● **EXERCISE REQUIREMENTS**:
From the line below containing "Flat for sale in Mill Hill, Greater London" to the final line, print each line exactly as written. No pictures belong in the copy.

[[ PROVIDED INFORMATION, beginning ]]

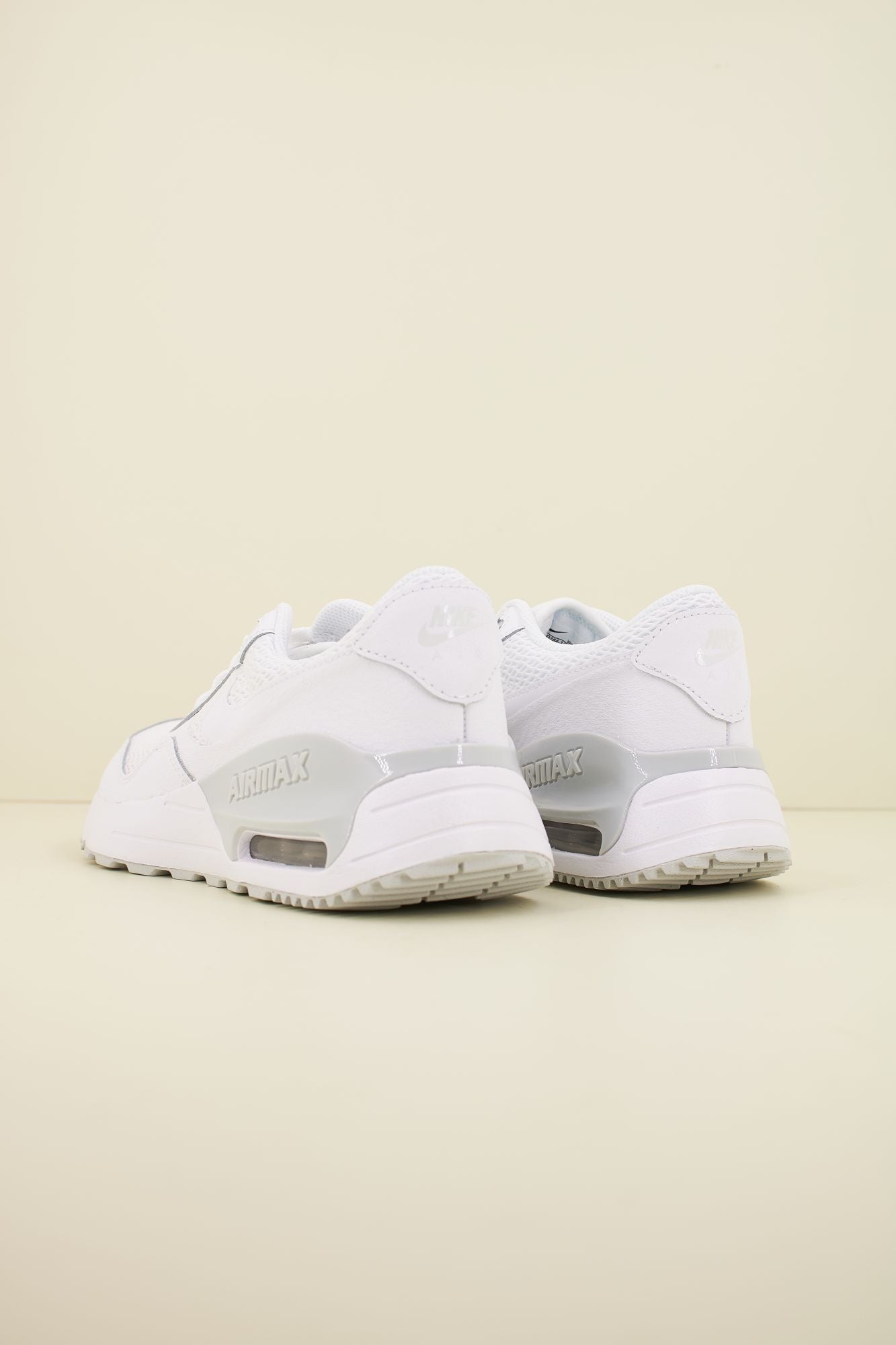 NIKE  MAX SYSTM en color BLANCO (3)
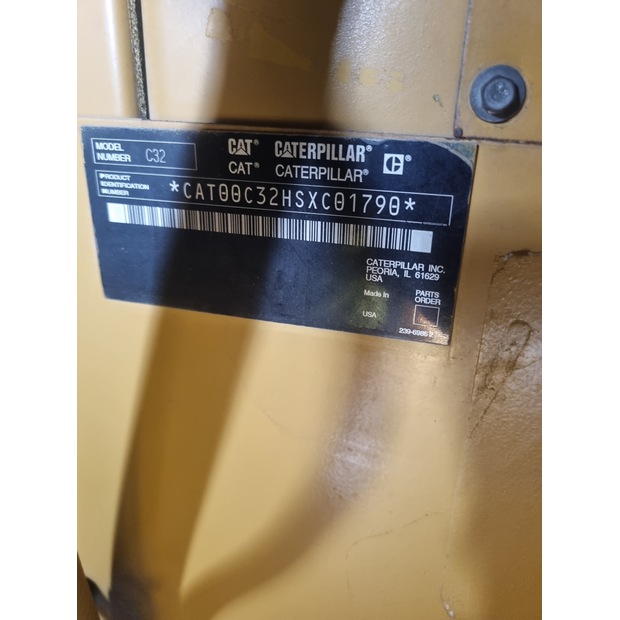 2010 كاتربيلر 100KvA-43869945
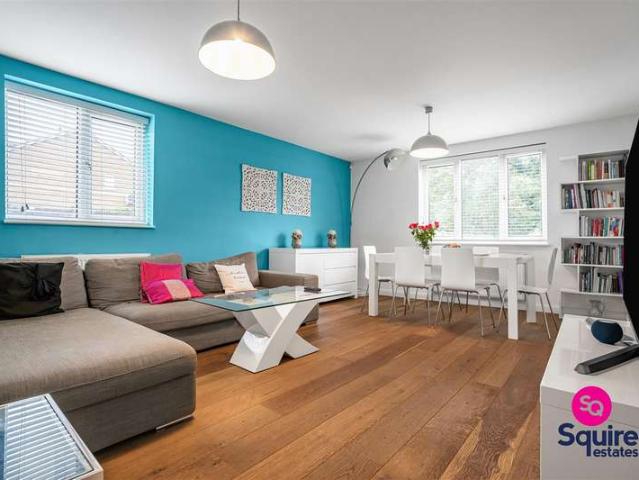 Flat for sale in Mill Hill, Greater London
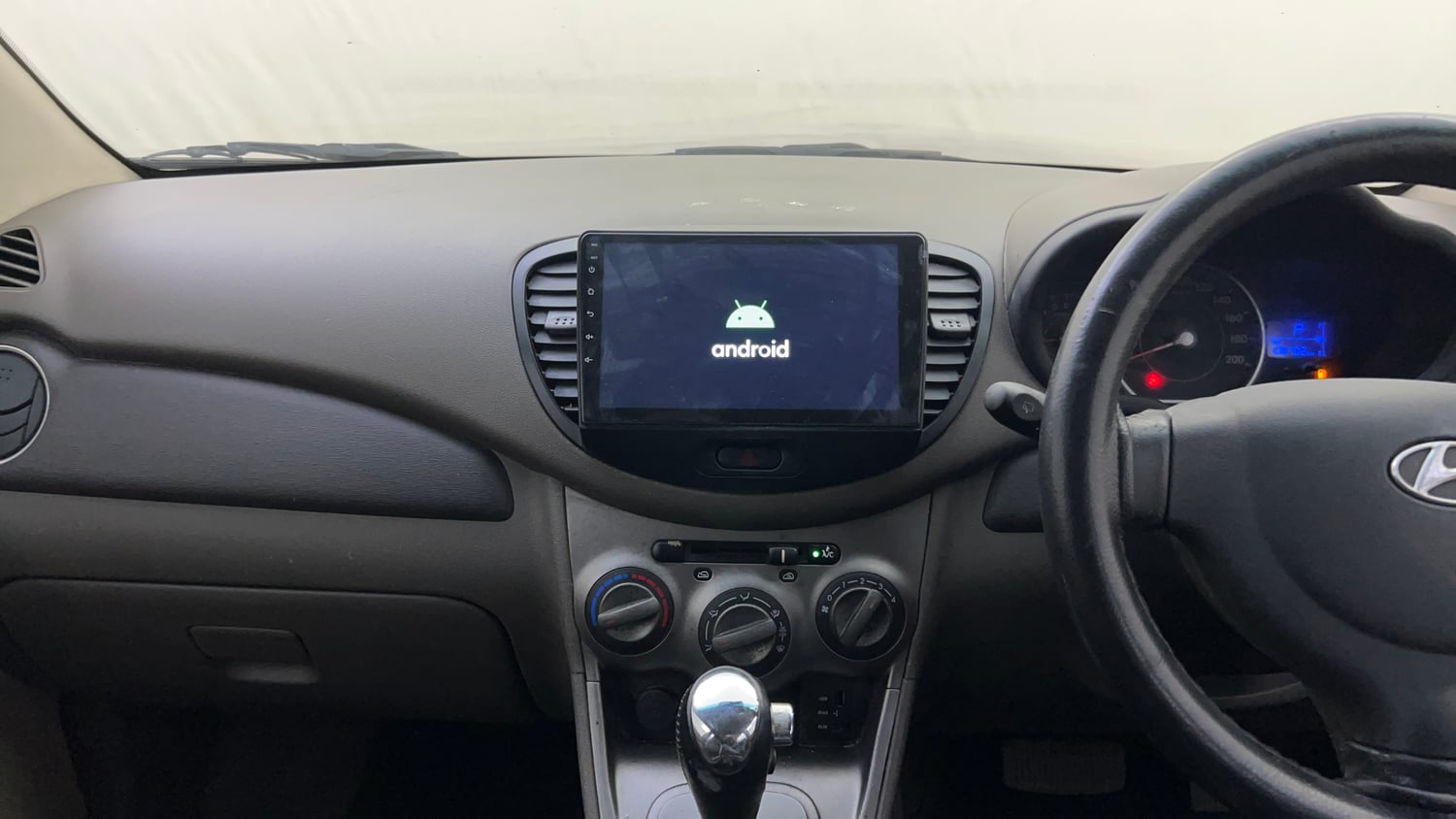 Used 2013 Hyundai i10 Sportz 1.2 AT Kappa2 Petrol Automatic interior MUSIC SYSTEM & AC CONTROL VIEW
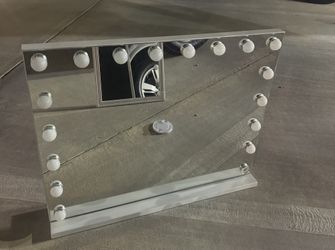 Hollywood vanity Mirror With Lights 28x 22 With 18 Bulbs 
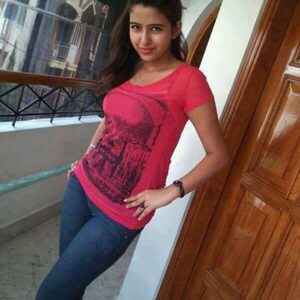 Offering Outcall Incall Young Girl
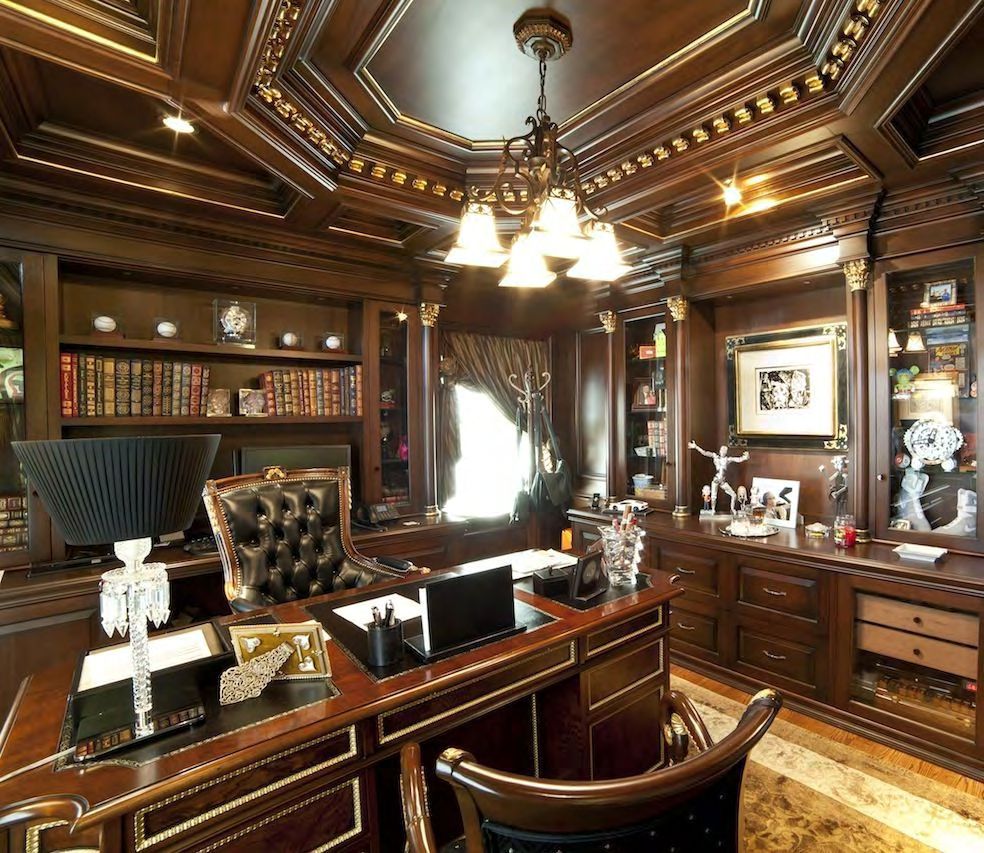 Gorgeous Classic Office Design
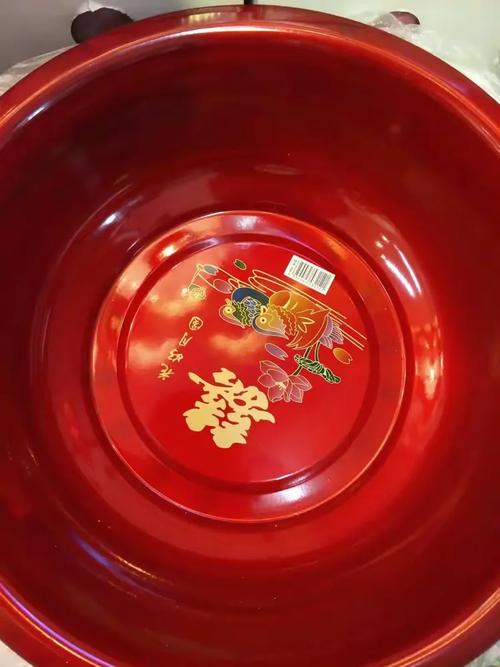 良缘婚嫁店2025冬季系列 在寒冬中见证温暖爱情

[[ PROVIDED INFORMATION, end ]]

● **SOLUTION BELOW**:
 Flat for sale in Mill Hill, Greater London
 Used 2013 Hyundai i10 Sportz 1.2 AT Kappa2 Petrol Automatic interior MUSIC SYSTEM & AC CONTROL VIEW
 Hollywood vanity Mirror With Lights 28x 22 With 18 Bulbs 
 Offering Outcall Incall Young Girl
 Gorgeous Classic Office Design
 良缘婚嫁店2025冬季系列 在寒冬中见证温暖爱情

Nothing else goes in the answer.